My mother is now in her late 80s and continues to ask that question each time she recounts surviving the Holocaust and the Kielce pogrom. What I now find remarkable about her question is that it focuses on her survival rather than on the tribulations she suffered. She could easily ask -- and nobody would blame her for doing so -- why she was punished by having to endure the Holocaust, lose her family and friends, be exposed to the horrific conditions of the Nazi invasion of Poland, the brutal anti-Semitism, and the harshness of exile in a work camp in Siberia.

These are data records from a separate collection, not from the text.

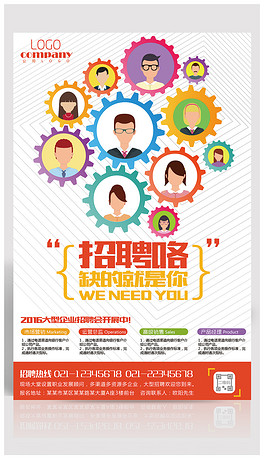 齿轮招聘_齿轮扁平创意招聘海报图片设计素材 高清psd模板下载 9.82MB 招聘海报大全(2)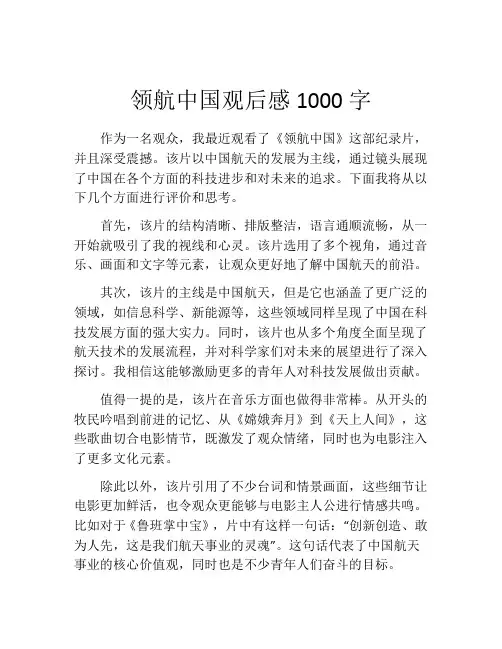 领航中国观后感1000字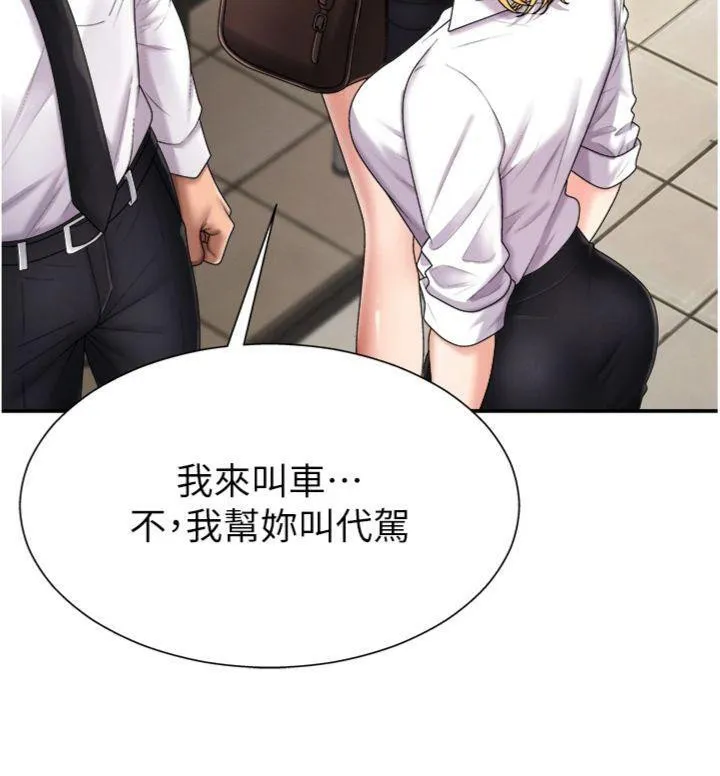 肉体审判 第18話-動作輕點，別吵醒她 第25页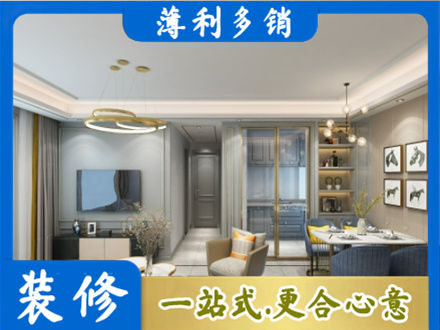 阿坝装修公司19.jpg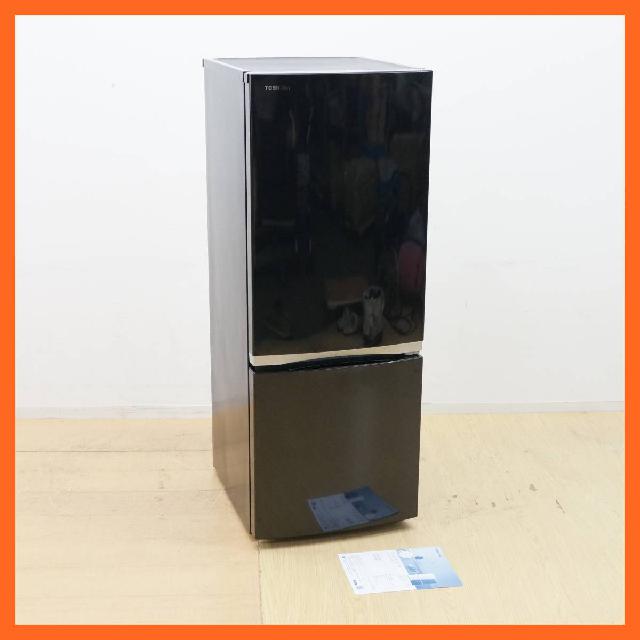 東芝/TOSHIBA 2ドア 冷凍冷蔵庫 153L GR-P15BS 右開き 耐熱100℃テーブルボ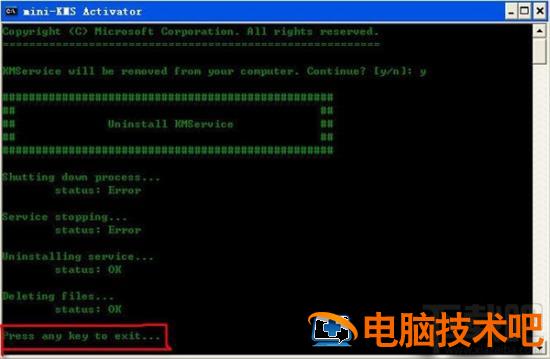 office2010怎么破解 office2010破解教程 软件办公 第10张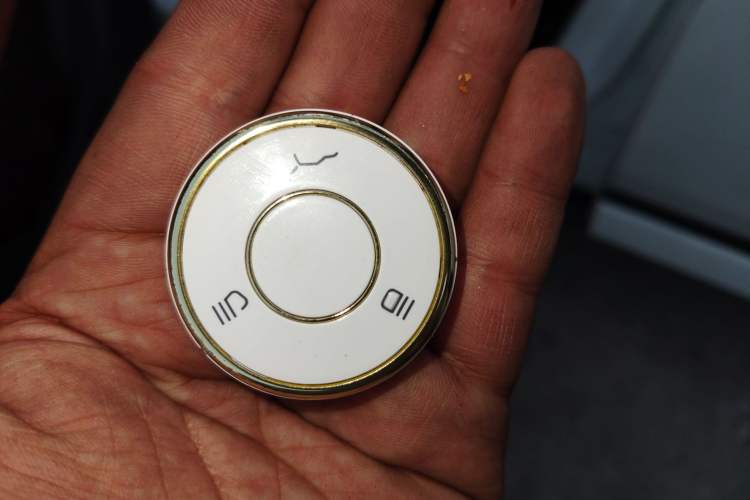 Used NETA X 2023 500 Lite Vehicle Key
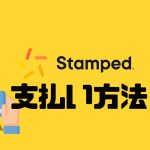 Stamped(スタンプド)の支払い方法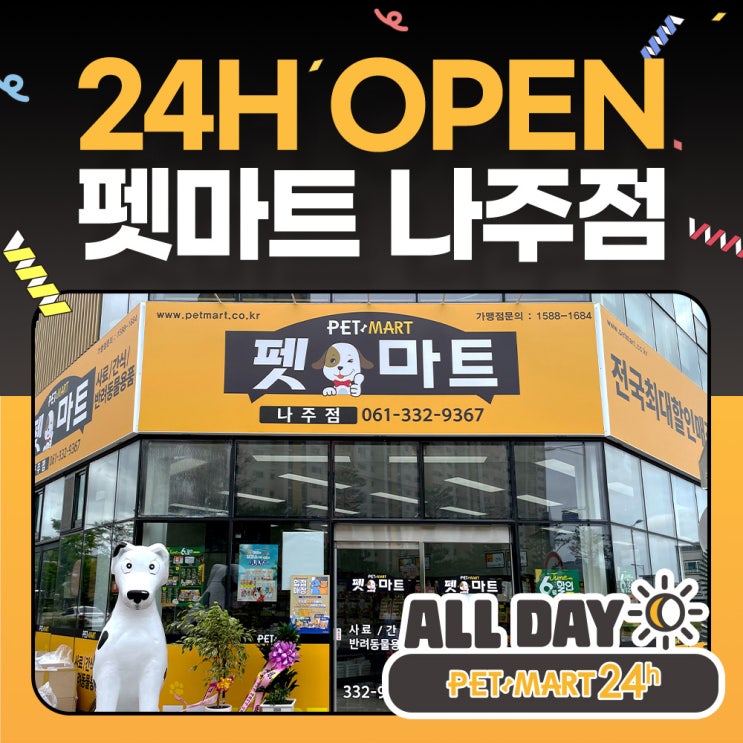  [펫마트24시] ALL DAY 펫마트 나주점 오픈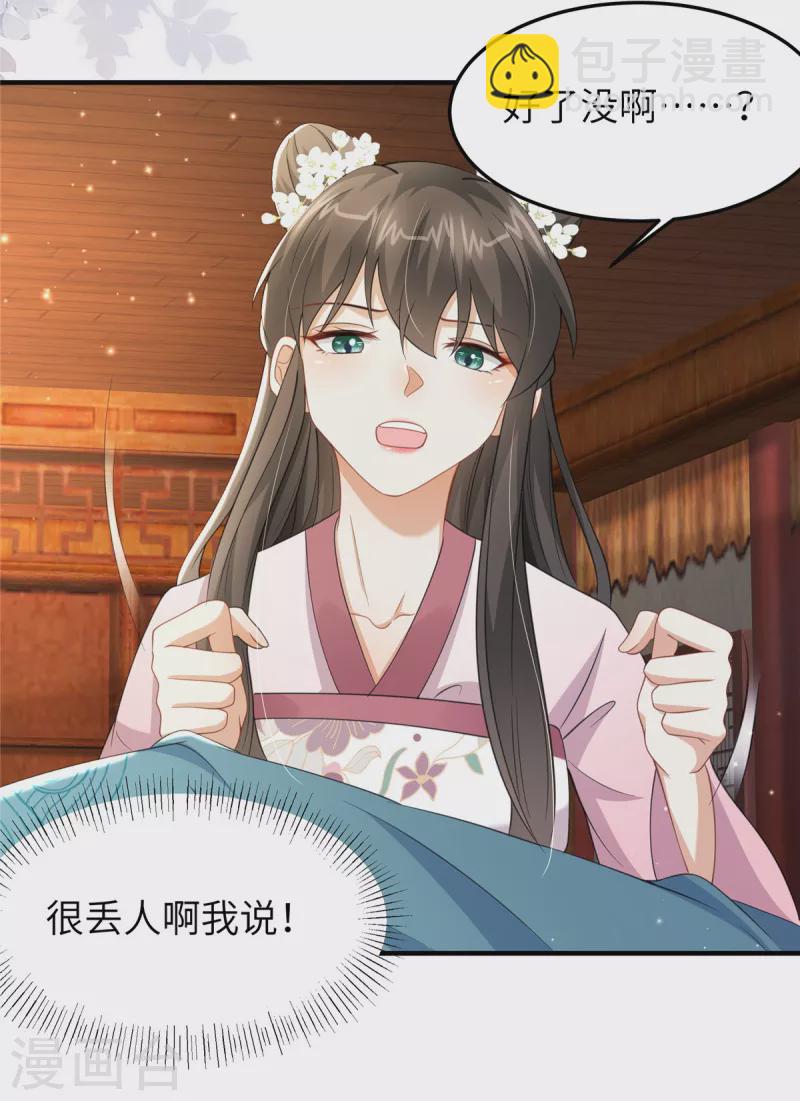 第39话 给本王揉揉腿-第39话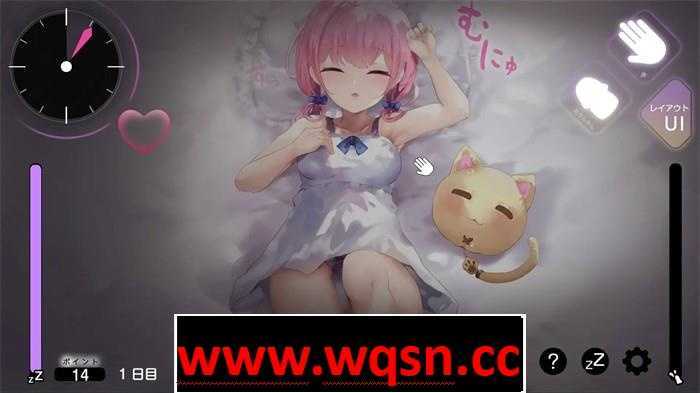 图片[3]-造梦少女游戏【触摸互动SLG/全动态】住手啦~哥哥~睡眠姦模拟器 DL正式版【新作/PC+MAC/400M】 - 造梦少女游戏网-造梦少女游戏造梦少女游戏网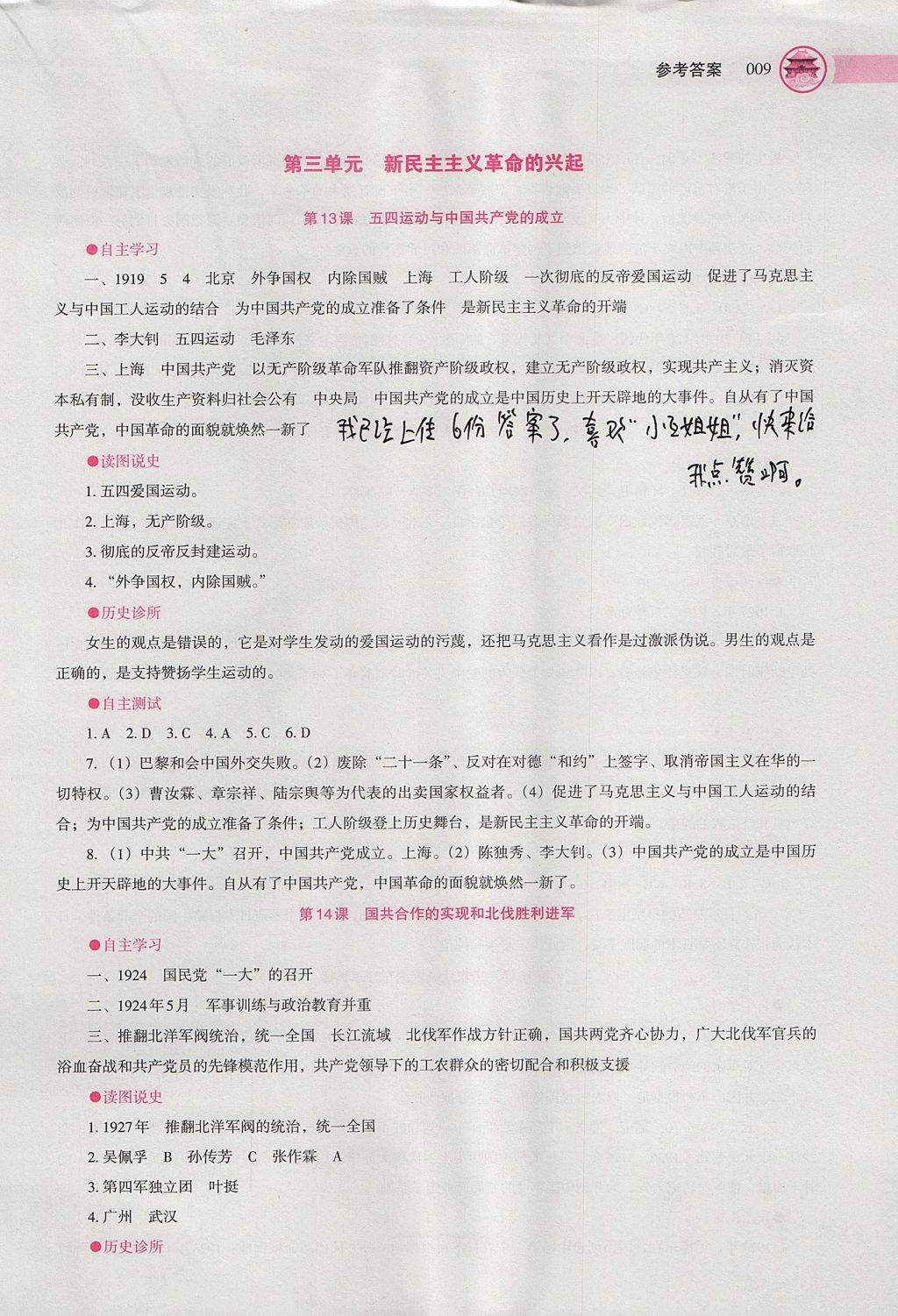 2017年中国历史助学读本八年级上册岳麓版 参考答案第9页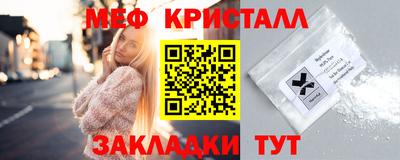 каннабис Кинель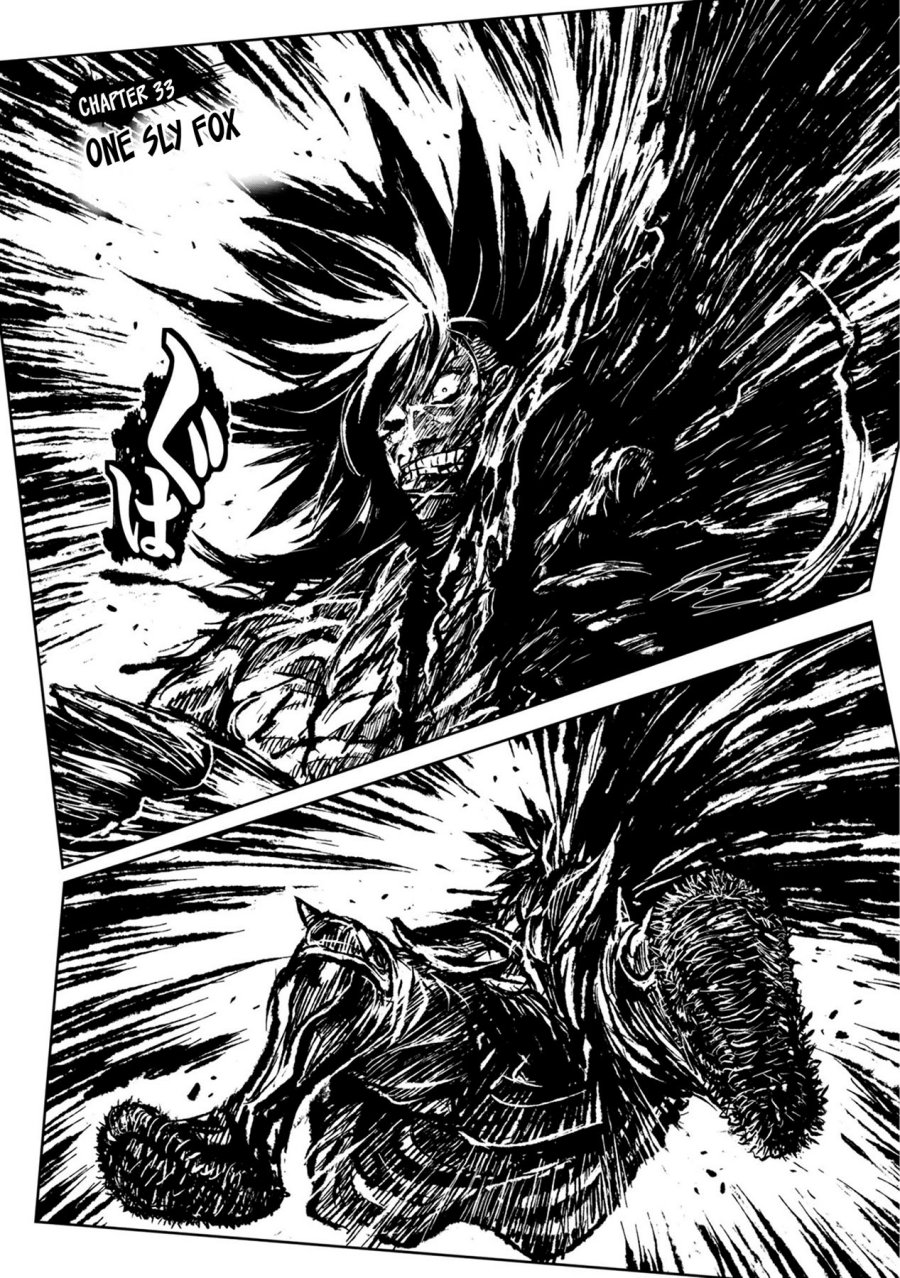 ZINGNIZE Chapter 33 Gambar 4
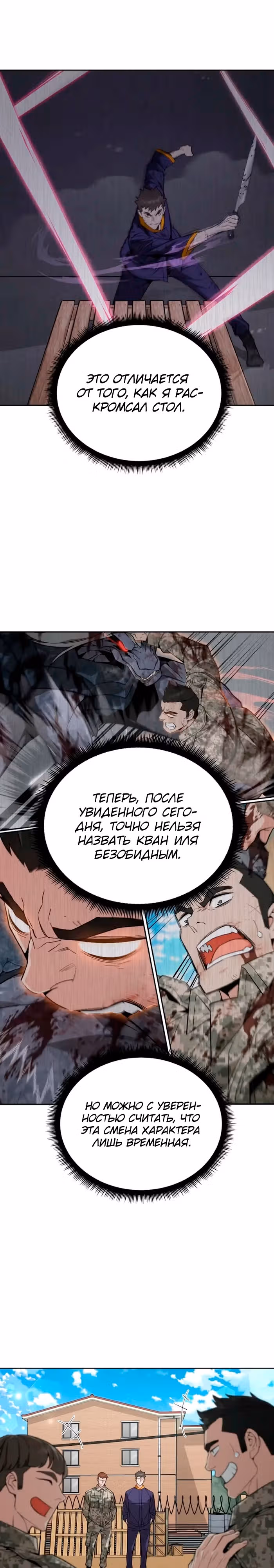 Апокалиптическое пробуждение шеф-повара — Том 1 · Глава 9, страница 4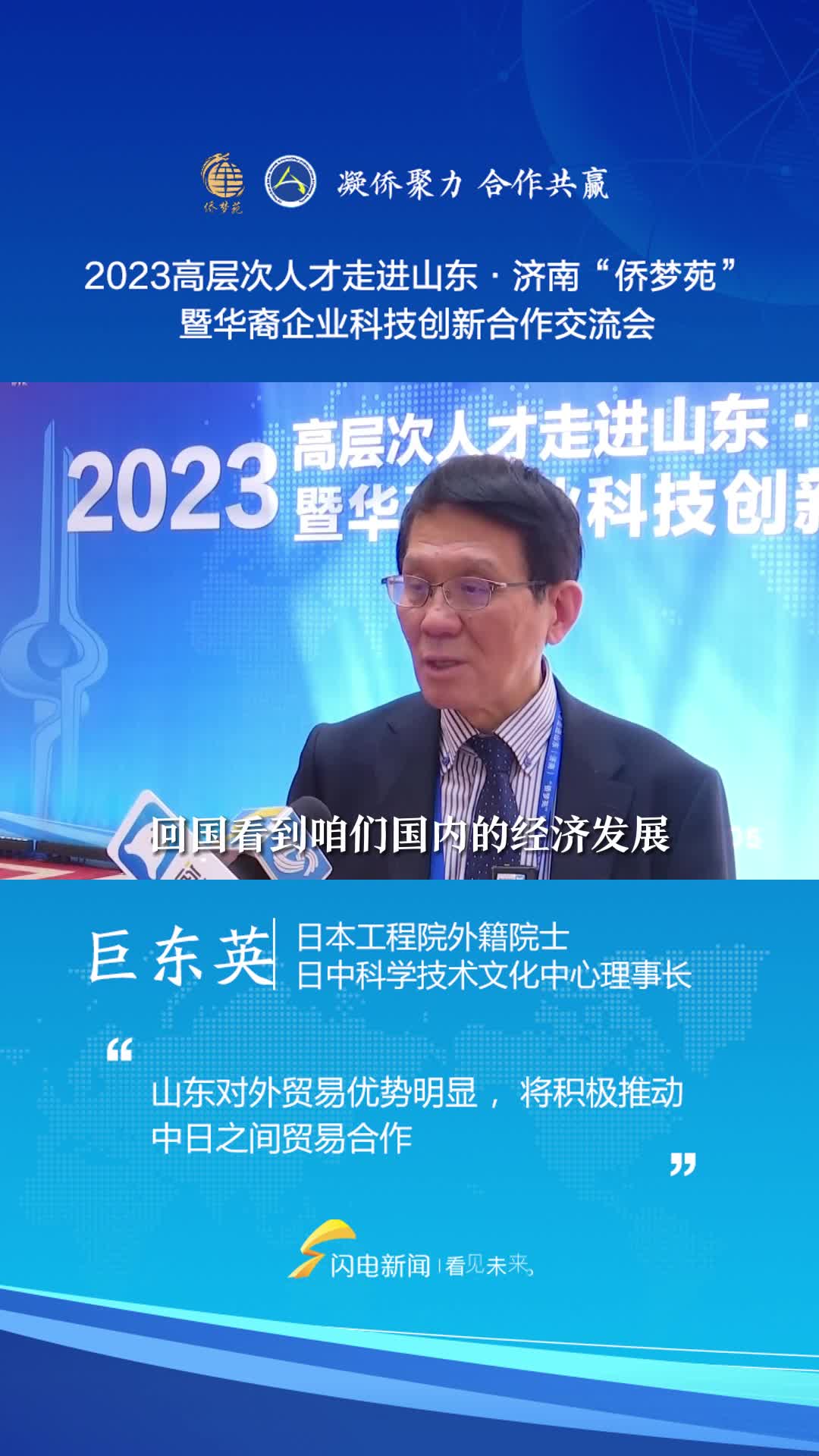 澳门六开奖结果第15期深度分析与观察，澳门六开奖结果第15期深度解读与观察报告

Of course, she does occasionally raise the question of why the Holocaust occurred, as she struggles to reconcile such an incomprehensible tragedy with her belief in God who is good, loving and in control of the world and each of its inhabitants. But it is precisely this belief that moves her to ask the other question more frequently, focusing on her miraculous survival rather than her tragic, heartbreaking experiences. As she strives to understand the reason for her survival and the purpose of her existence, she is comforted by the knowledge that -- although she lost her father in Siberia all those years ago -- her Heavenly Father has always been with her.
With my mother's question, she has taught me to acknowledge that while we often cannot understand the reason for tragedies, we can still see the Almighty as a constant presence in our lives, and appreciate all the miracles -- whether they appear in the guise of the ordinary or the sublime -- that He constantly bestows upon us.